Nat glances at him, a little guilty, but then grins like she’s just saved the world or found the holy grail or gotten asked to dance by a beautiful British girl. “Yeah,” she says finally, grinning, and sticks out a hand. “Natasha.”

The girl takes it, and smiles. “Peggy,” she replies.

Nat vanishes with her onto the floor, and Steve sips his beer and smiles after her.

When Nat tells him, two weeks later, that they’re dating, he grinds down the bitterness.

***

The first time he sleeps with someone is over a year after he lost Bucky.

He doesn’t remember the guy’s name. It’s his first real exhibit, this small, limited show at the Met, something for young, up and coming modern artists. He goes alone; Nat or Sam would have come, but he doesn’t want them there, doesn’t want them to see people paying fifty thousand dollars for some fucking painting he’d done.

People like him, he knows, because he’s a good artist but he isn’t traditional. He’s only twenty, he’s got no training, and he comes from nothing. Rich people think it’s exotic and different and authentic, that some nobody from Bay Ridge could claw his way into the art world. By supporting people like Steve, they think, they’re supporting the American Dream.

Or maybe they just like his fucking paintings. He doesn’t think about it much, because it all happens so fucking fast that he can’t theorize, all he can do is look around and wonder how it all happened this way.

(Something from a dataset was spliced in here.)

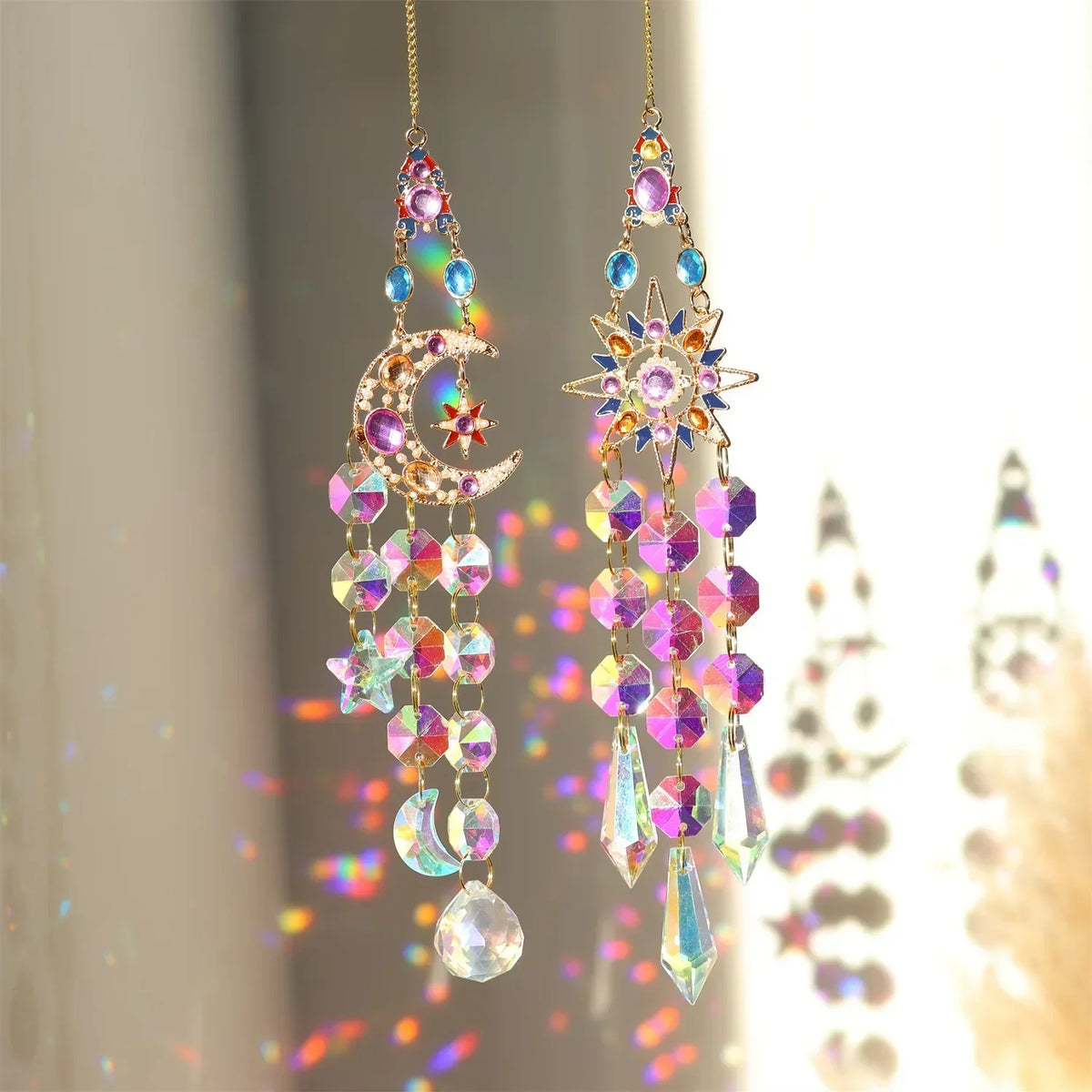 A pair of crystal rhinestone sun catchers hanging, featuring purple and blue stones, against a bright background.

The guy he goes home with is shorter than him, with short feathery brown hair and light blue eyes and dimples. If Steve doesn’t focus, he almost looks like Bucky. He starts talking to Steve in the middle of the floor, introducing himself as some art curator or manager or something business related and telling him his work is just brilliant, just astonishing, and the next thing Steve knows they’re back at his place, kissing.

They fuck quickly on his bed, Steve thrusting into him, and everything is purely physical. 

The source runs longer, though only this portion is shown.